Research Scientist Graduate (Computational Biology (Seed AI-for-Science - 2026 Start (PhD)
- ByteDance
- Seattle, Washington
- Full Time
Understanding biological structure central to deciphering the mechanisms of life and advancing drug design. We are developing next-generation, structure-centric, multimodal foundation models that power key applications-from complex structure prediction and functional modeling to de novo molecular design.
We are a cross-disciplinary team of experts in machine learning, structural biology, computational chemistry, and bioinformatics, supported by strong engineering infrastructure and access to large-scale compute resources. We aim to develop open, high-precision, generalizable models that drive breakthroughs in biology and drug discovery.

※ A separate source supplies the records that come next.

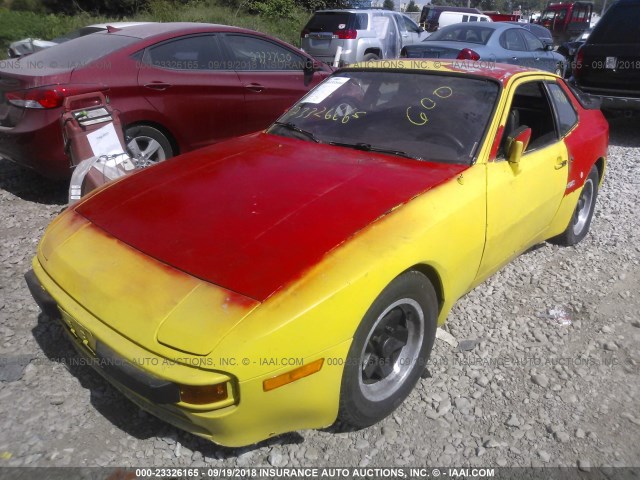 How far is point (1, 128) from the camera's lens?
4.43 meters

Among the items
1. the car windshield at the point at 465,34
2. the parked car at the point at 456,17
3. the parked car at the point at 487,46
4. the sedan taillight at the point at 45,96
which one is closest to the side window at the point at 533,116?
the sedan taillight at the point at 45,96

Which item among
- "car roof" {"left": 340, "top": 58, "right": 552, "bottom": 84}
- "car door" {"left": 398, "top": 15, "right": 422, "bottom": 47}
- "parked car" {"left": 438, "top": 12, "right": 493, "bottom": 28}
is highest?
"car roof" {"left": 340, "top": 58, "right": 552, "bottom": 84}

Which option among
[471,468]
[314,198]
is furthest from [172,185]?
[471,468]

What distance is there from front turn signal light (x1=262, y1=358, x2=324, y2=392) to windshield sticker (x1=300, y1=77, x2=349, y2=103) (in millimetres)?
2079

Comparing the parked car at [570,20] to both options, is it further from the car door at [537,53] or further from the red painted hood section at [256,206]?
the red painted hood section at [256,206]

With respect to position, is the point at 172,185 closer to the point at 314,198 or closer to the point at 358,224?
the point at 314,198

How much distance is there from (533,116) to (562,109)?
21 cm

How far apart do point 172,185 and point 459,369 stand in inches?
70.9

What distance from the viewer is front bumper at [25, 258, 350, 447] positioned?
175 cm

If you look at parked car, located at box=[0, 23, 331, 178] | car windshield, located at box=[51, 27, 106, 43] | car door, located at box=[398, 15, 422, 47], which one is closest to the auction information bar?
parked car, located at box=[0, 23, 331, 178]

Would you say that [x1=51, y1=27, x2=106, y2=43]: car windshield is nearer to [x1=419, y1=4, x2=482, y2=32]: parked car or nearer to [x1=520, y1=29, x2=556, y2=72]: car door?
[x1=520, y1=29, x2=556, y2=72]: car door

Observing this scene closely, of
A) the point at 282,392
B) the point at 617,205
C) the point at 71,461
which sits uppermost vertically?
the point at 282,392

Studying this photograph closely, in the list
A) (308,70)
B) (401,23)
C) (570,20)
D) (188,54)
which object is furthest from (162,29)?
(570,20)

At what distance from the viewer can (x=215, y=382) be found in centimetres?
170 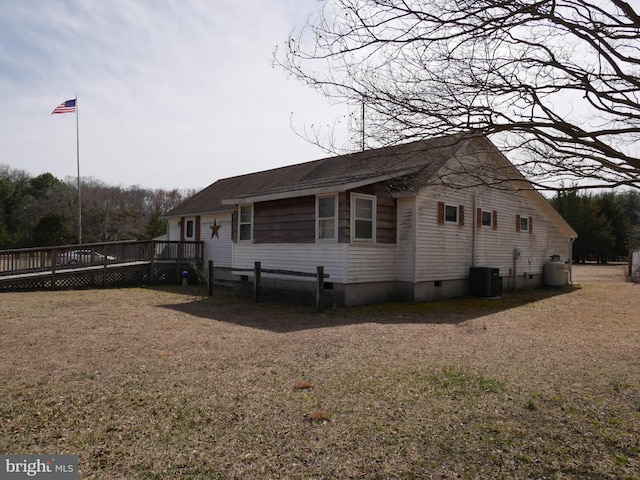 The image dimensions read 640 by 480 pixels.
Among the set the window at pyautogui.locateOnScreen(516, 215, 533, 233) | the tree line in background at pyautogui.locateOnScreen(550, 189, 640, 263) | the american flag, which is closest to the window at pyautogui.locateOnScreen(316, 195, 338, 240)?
the window at pyautogui.locateOnScreen(516, 215, 533, 233)

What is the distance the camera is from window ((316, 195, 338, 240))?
40.5 ft

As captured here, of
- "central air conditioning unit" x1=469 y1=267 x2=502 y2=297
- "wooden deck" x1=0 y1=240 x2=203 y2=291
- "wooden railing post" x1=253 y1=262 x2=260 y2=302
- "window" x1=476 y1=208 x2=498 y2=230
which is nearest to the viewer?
"wooden railing post" x1=253 y1=262 x2=260 y2=302

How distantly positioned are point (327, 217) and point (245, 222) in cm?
403

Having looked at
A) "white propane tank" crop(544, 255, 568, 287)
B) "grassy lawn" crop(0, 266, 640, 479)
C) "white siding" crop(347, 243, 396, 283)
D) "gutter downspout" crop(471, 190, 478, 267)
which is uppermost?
"gutter downspout" crop(471, 190, 478, 267)

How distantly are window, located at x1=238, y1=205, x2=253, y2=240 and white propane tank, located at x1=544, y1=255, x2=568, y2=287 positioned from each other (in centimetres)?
1321

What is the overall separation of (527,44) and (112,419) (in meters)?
5.72

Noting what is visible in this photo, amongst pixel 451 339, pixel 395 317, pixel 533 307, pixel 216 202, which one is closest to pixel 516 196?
pixel 533 307

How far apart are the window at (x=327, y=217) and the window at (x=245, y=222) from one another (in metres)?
3.31

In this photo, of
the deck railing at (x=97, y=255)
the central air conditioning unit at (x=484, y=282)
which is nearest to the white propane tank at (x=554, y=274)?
the central air conditioning unit at (x=484, y=282)

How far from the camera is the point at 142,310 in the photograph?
11.6 meters

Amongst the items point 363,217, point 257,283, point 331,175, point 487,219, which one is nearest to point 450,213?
point 487,219

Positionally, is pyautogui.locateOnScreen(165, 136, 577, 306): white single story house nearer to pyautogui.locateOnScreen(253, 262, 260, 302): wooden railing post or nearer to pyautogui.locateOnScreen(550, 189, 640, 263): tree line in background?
pyautogui.locateOnScreen(253, 262, 260, 302): wooden railing post

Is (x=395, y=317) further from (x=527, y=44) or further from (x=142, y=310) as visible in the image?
(x=527, y=44)

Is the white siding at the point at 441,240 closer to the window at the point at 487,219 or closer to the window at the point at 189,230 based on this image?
the window at the point at 487,219
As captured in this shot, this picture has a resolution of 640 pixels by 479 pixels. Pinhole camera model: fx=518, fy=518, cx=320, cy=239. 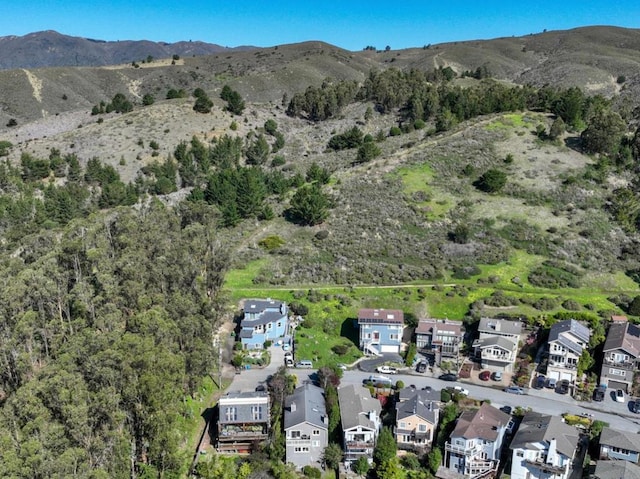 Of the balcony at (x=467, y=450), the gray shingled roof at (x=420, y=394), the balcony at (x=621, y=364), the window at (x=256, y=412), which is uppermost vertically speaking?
the balcony at (x=621, y=364)

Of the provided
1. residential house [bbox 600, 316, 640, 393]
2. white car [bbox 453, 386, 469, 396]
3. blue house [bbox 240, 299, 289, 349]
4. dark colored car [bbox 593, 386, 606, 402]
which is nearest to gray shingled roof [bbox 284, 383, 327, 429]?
blue house [bbox 240, 299, 289, 349]

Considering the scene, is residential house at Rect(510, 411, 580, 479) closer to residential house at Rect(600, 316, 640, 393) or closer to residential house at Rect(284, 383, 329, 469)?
residential house at Rect(600, 316, 640, 393)

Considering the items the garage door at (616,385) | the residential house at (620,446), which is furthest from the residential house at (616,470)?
the garage door at (616,385)

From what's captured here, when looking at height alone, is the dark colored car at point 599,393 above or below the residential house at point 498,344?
below

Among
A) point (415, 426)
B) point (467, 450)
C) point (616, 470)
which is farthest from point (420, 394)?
point (616, 470)

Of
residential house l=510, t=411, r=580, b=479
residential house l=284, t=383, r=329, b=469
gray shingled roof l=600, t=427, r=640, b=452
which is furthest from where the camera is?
residential house l=284, t=383, r=329, b=469

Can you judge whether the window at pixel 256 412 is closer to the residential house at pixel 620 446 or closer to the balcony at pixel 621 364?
the residential house at pixel 620 446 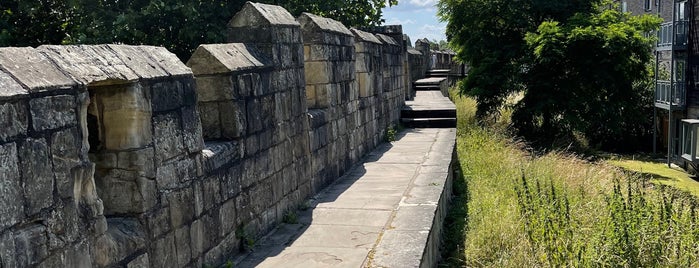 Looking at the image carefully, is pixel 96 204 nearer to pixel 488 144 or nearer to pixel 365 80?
pixel 365 80

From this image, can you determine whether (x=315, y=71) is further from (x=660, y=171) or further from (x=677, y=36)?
(x=677, y=36)

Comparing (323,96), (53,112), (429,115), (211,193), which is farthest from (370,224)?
(429,115)

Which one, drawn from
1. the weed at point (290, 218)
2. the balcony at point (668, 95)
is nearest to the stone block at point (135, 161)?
the weed at point (290, 218)

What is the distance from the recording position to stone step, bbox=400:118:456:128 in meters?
12.6

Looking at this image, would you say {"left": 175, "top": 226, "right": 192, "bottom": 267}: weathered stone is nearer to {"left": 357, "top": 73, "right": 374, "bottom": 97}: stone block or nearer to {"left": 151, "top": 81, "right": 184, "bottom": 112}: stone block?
{"left": 151, "top": 81, "right": 184, "bottom": 112}: stone block

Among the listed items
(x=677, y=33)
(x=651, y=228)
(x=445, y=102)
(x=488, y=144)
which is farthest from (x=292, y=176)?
(x=677, y=33)

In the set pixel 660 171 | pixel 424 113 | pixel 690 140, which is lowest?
pixel 660 171

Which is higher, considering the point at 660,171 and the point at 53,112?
the point at 53,112

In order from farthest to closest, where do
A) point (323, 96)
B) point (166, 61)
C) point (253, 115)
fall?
1. point (323, 96)
2. point (253, 115)
3. point (166, 61)

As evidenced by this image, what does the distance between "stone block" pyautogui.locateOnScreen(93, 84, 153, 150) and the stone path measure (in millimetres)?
1369

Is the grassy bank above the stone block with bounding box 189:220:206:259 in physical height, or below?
below

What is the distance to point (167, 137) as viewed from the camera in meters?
3.68

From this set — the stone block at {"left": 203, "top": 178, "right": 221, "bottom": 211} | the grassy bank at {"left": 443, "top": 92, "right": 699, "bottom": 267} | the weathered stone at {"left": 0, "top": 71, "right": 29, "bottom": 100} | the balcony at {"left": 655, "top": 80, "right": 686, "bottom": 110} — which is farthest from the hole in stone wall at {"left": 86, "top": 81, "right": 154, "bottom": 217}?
the balcony at {"left": 655, "top": 80, "right": 686, "bottom": 110}

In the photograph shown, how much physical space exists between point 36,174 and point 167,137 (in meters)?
1.18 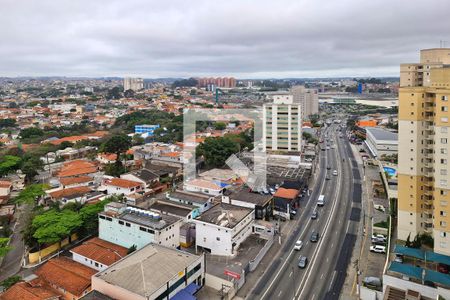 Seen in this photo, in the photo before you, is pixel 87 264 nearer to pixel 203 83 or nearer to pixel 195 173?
pixel 195 173

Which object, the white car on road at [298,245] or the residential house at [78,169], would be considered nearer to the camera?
the white car on road at [298,245]

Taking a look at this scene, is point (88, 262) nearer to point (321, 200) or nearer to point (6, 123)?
point (321, 200)

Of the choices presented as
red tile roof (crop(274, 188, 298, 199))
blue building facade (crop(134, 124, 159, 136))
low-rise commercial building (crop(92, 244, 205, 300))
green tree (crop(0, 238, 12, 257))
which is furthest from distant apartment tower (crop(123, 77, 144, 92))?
low-rise commercial building (crop(92, 244, 205, 300))

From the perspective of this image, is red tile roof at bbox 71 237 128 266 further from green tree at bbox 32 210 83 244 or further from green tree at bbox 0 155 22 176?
green tree at bbox 0 155 22 176

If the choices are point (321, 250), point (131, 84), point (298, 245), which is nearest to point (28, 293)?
point (298, 245)

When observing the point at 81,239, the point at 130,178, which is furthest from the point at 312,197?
the point at 81,239

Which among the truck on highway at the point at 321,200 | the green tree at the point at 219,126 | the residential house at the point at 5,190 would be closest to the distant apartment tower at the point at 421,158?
the truck on highway at the point at 321,200

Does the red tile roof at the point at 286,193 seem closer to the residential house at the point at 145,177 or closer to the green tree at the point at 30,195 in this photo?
the residential house at the point at 145,177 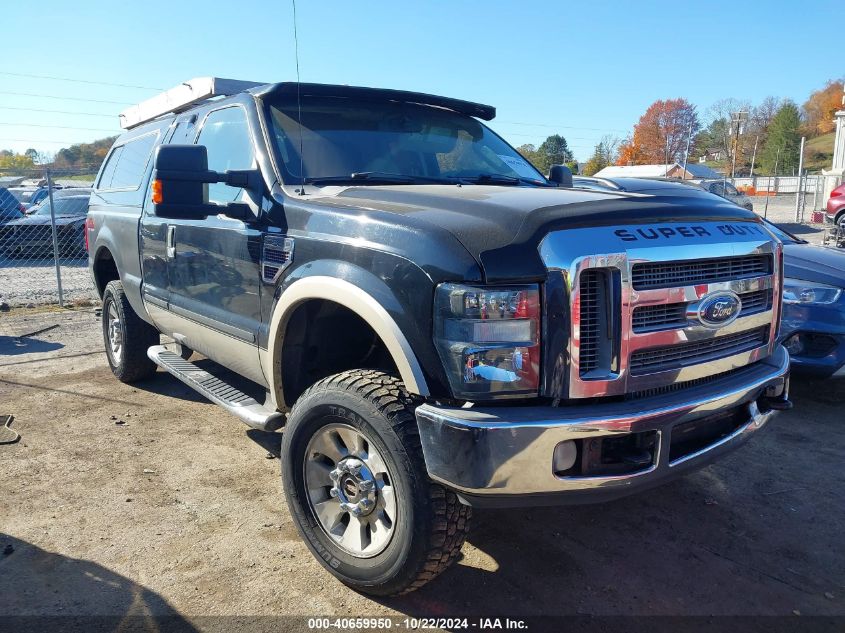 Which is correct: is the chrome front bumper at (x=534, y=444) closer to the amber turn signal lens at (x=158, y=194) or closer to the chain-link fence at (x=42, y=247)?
the amber turn signal lens at (x=158, y=194)

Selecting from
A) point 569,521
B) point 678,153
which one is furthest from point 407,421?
point 678,153

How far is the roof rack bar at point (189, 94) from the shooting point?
4404 mm

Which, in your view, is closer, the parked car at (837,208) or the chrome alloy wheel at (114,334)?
the chrome alloy wheel at (114,334)

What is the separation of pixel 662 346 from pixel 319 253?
1434 mm

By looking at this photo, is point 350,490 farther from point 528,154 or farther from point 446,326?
point 528,154

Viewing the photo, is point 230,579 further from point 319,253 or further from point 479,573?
point 319,253

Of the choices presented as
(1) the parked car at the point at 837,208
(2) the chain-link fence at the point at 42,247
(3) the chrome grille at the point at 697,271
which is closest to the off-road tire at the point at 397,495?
(3) the chrome grille at the point at 697,271

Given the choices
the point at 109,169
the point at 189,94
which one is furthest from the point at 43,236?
the point at 189,94

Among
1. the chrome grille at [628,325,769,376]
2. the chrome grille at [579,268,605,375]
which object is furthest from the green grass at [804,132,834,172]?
the chrome grille at [579,268,605,375]

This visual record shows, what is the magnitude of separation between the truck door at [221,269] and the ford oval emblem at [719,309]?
2.04 m

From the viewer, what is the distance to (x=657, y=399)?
2465 millimetres

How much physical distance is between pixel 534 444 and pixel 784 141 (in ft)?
324

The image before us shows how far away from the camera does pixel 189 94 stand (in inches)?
183

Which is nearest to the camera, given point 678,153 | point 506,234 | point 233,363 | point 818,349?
point 506,234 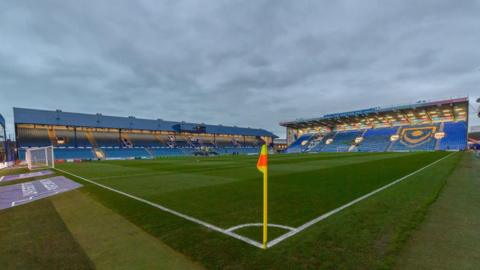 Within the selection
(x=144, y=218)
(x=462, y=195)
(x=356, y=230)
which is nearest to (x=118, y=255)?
(x=144, y=218)

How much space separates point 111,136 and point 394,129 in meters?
83.4

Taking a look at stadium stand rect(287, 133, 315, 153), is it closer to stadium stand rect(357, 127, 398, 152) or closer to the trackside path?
stadium stand rect(357, 127, 398, 152)

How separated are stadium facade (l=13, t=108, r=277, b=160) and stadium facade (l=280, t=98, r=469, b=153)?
24812 mm

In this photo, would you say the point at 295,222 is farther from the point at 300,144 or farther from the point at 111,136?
the point at 300,144

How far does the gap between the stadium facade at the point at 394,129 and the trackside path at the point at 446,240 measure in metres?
59.5

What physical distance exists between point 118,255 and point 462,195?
33.5 feet

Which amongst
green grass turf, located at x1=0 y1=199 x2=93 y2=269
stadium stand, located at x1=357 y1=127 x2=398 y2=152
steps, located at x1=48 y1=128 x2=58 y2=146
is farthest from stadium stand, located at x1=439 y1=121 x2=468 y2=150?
steps, located at x1=48 y1=128 x2=58 y2=146

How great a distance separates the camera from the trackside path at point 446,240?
9.71 ft

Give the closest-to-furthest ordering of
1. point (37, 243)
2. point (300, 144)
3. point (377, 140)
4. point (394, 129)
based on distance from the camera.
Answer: point (37, 243), point (377, 140), point (394, 129), point (300, 144)

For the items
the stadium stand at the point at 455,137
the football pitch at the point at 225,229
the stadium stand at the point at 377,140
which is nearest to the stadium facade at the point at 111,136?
the stadium stand at the point at 377,140

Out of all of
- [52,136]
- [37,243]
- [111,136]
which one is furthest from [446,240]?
[111,136]

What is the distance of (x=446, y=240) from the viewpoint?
3.69 metres

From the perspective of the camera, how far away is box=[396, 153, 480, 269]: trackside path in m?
2.96

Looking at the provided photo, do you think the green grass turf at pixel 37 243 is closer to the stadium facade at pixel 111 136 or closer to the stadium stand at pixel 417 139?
the stadium facade at pixel 111 136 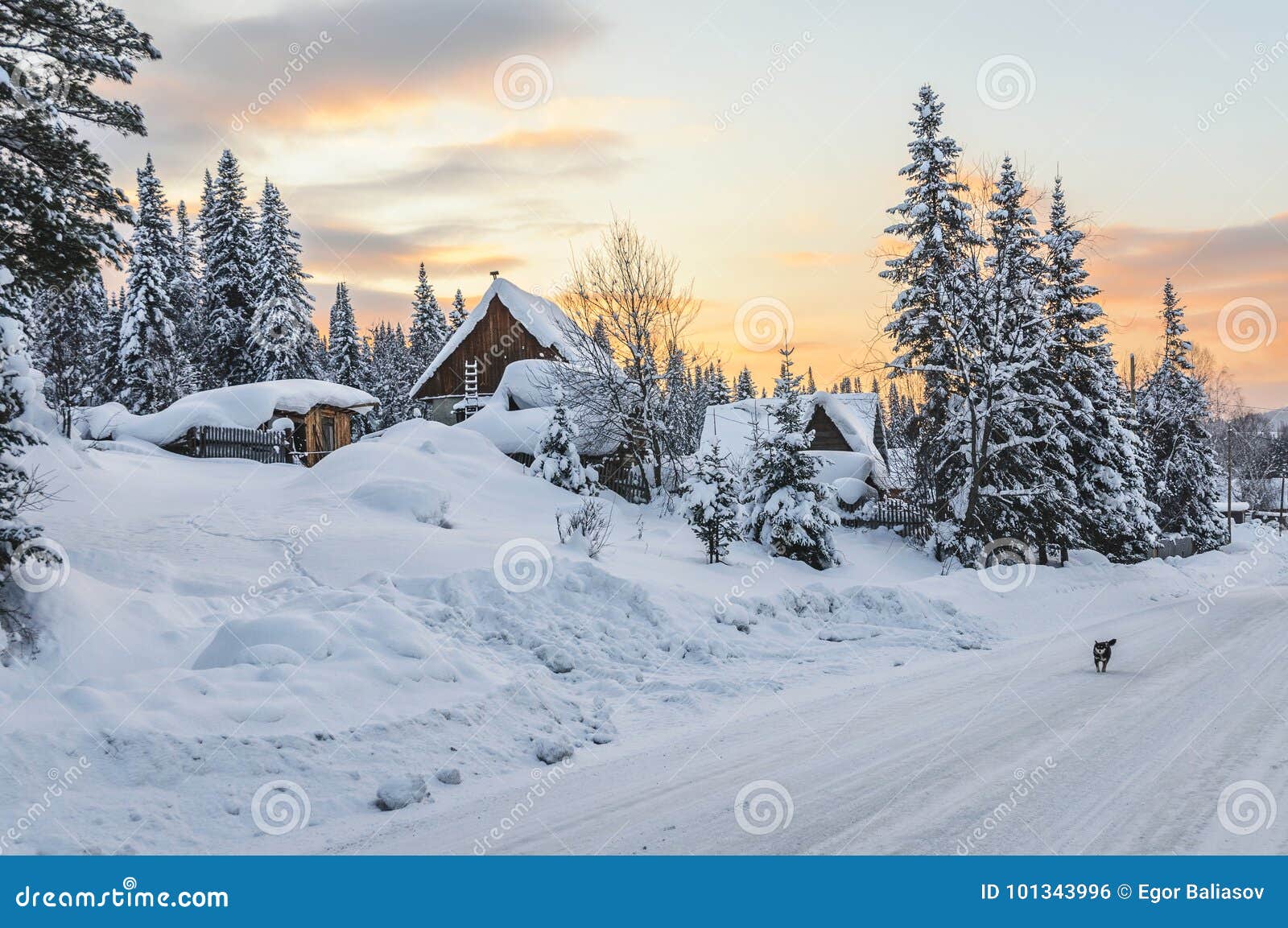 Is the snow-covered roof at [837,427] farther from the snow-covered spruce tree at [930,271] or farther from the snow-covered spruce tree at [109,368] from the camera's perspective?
the snow-covered spruce tree at [109,368]

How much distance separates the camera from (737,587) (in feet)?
47.1

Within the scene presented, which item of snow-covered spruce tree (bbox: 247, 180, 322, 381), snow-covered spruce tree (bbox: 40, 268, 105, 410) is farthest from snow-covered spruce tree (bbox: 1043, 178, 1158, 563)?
snow-covered spruce tree (bbox: 247, 180, 322, 381)

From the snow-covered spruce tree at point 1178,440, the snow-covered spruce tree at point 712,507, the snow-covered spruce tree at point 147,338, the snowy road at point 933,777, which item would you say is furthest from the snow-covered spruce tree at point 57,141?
the snow-covered spruce tree at point 1178,440

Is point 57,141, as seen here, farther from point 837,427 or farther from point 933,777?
point 837,427

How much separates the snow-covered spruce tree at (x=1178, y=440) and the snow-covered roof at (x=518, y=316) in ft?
96.5

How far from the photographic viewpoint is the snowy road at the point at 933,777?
497cm

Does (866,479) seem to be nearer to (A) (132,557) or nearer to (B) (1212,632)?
(B) (1212,632)

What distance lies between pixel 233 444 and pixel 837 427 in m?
26.2

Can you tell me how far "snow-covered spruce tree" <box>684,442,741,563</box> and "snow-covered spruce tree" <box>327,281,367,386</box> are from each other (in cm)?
4458

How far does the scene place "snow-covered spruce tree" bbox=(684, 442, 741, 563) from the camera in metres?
17.5

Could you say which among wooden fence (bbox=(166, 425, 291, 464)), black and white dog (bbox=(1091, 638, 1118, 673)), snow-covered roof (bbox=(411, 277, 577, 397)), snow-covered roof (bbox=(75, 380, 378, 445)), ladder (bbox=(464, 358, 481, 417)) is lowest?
black and white dog (bbox=(1091, 638, 1118, 673))

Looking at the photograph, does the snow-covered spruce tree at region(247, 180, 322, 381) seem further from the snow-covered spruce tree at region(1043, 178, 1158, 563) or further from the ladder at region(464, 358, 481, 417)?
the snow-covered spruce tree at region(1043, 178, 1158, 563)

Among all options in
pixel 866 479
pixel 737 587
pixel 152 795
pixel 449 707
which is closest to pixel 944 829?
pixel 449 707

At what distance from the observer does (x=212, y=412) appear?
27750mm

We offer a collaborative, impact-driven environment at the forefront of biology and artificial intelligence, where your work directly contributes to transformative advances in drug discovery and life sciences. Our team benefits from access to cutting-edge compute infrastructure, proprietary tools, and a culture that values open science. By joining us, you'll have the opportunity to build foundational technologies that shape the future of molecular design and biological understanding.
We are looking for talented individuals to join our team in 2026. As a graduate, you will get unparalleled opportunities for you to kickstart your career, pursue bold ideas and explore limitless growth opportunities. Co-create a future driven by your inspiration with ByteDance.
Successful candidates must be able to commit to an onboarding date by end of year 2026.
Candidates can apply to a maximum of two positions and will be considered for jobs in the order you apply. The application limit is applicable to ByteDance and its affiliates' jobs globally. Applications will be reviewed on a rolling basis. We encourage you to apply as early as possible.
Responsibilities:1) Collaborate closely with a multidisciplinary team of ML researchers, computational biologists, and chemists to tackle cutting-edge scientific challenges in molecular modeling.2) Contribute to the design, training, and optimization of large-scale models for structure prediction across diverse biomolecular systems, addressing key challenges such as conformational sampling, binding affinity estimation, and de novo molecular generation.3) Translate insights from structural biology, experimental data, and physical principles into scalable model architectures and generative algorithms.